"Chopping" a Draft.

A new method for using Drafts to automatically repeat an action on a series of drafts pulled one by one from a list.

A few days ago I was sitting in a Starbucks debating on how I could possibly get a batch import action to work. The goal was to take a list of custom URL actions and somehow create another action that would import them all, automatically, into Drafts. A few months back I created the import action, which imported a single action into the action list from a draft made up of the name of the action in the title and the URL of the action in the body. This action helped a lot for laying out URL actions where I could see them in a draft and then importing without ever having to go through all the menus in settings and copy and pasting things and typing into different boxes just to import one action.

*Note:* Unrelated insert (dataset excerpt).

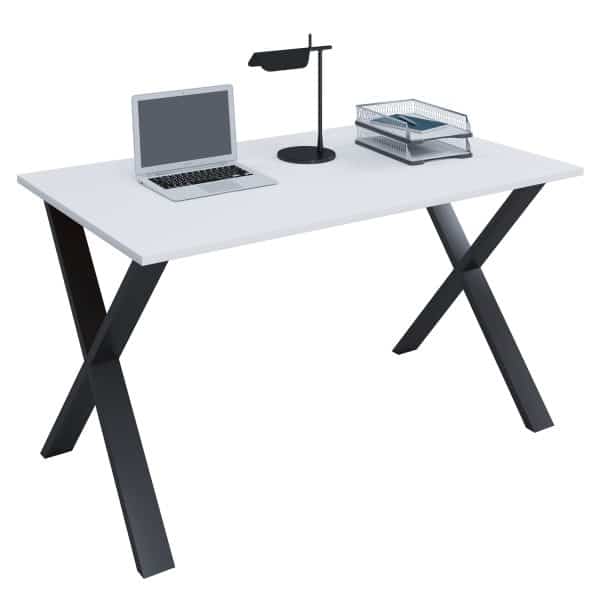 Lona X-feet skrivebord - hvid træ og sort metal (140x80)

Back when I made the import action, my next goal was to make one to batch import actions from a list, but at that point in time it was impossible.

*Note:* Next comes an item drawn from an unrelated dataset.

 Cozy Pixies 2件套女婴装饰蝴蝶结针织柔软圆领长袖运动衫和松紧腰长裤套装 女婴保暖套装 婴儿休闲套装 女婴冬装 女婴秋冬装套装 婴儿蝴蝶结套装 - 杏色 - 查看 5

Today, however, with a combination of the new features from Drafts 3.0 and Launch Center Pro 1.1, I was able to design a way to batch import actions. What I find really interesting though, is the method that I came up with to do it. I think this method, which I refer to as "chopping" a draft, could actually be extremely useful in a lot of other situation besides batch importing.

Variables

Before you understand how chopping a draft works, you have to understand how Drafts handles variables. In any given URL action, you can include a max of three variables. Two of these are drawn from your Draft, the [[title]] variable, and the [[body]] variable. If [[title]] is placed anywhere in your URL, then when the action is run Drafts replaces [[title]] with an encoded version of whatever text you have in only the first line of your draft. (That is, all the text until the first line break. If you have a paragraph of text before you make a line break, the entire paragraph will be [[title]]. If your draft has no line breaks, the whole draft will be [[title]].) If [[body]] is placed anywhere in your URL, then when the action is run Drafts will replace [[body]] with an encoded version of whatever text is in your entire draft after the first line. (That is, all the text after the first line break.) Drafts is incapable of differentiating any additional line breaks after the first one, so even if you have one word on your first line and twenty paragraphs after it, all twenty paragraphs would be substituted for [[body]] and only the one word would be substituted for [[title]].

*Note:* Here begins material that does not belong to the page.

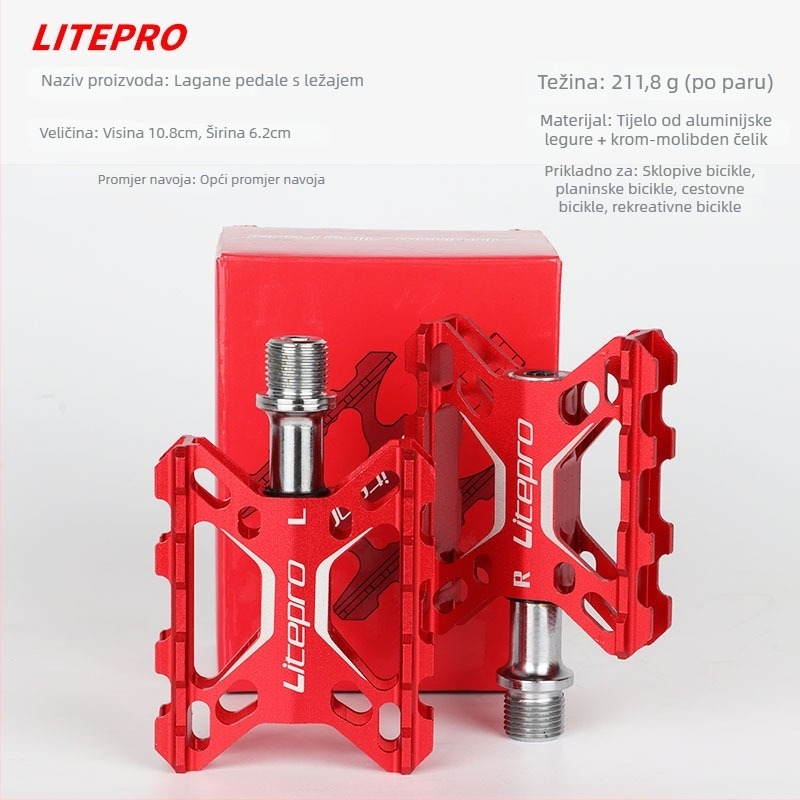 LITEPRO K5 ultra lagani pedale od aluminija s dvostrukim ležajem za sklopive brdske i cestovne bicikle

Before Drafts 3.0, these were the only two variable Drafts could handle (other than the [[draft]] variable, but that takes the entire draft, a mixture of both [[title]] and [[body]], so it is not useful for the task I am discussing). The import action requires the name of the action in the [[title]] position, and the URL of the draft in the [[body]] position. Because of this, before Drafts 3.0, there was no way to batch import anything because there wasn't another variable to store the rest of your actions in as each was imported. With Drafts 3.0, however, there exists a third variable: [[clipboard]]. The [[clipboard]] variable, not surprisingly, is replaced, when an action is run, by whatever is currently in your clipboard. There is also a built in "Copy to Clipboard" action that allows you to copy a draft, or part of a draft, to your clipboard. These two features are what make chopping a draft possible.

How it Works

In order to chop your draft, you must have a list of whatever data you want to perform a specific action on. For this example I am simply going to use the data I learned it with, a list of actions that I want Drafts to automatically import, one by one. Chopping basically works by utilizing Drafts' ability to separate the title of your draft from the rest of it in order to "chop" that title line out of the draft. The [[title]] is copied to the clipboard and the [[clipboard]] is used to make the next draft. You can then perform actions on the [[clipboard]] draft while the rest of the last draft, containing the remaining items in your list, is still preserved by the [[body]] tag (although it becomes the [[draft]] tag as soon as it enters the next action) until you're ready to chop out the next section. This is probably pretty hard to visualize, but bear with me and I'll explain better when I show you the actions themselves.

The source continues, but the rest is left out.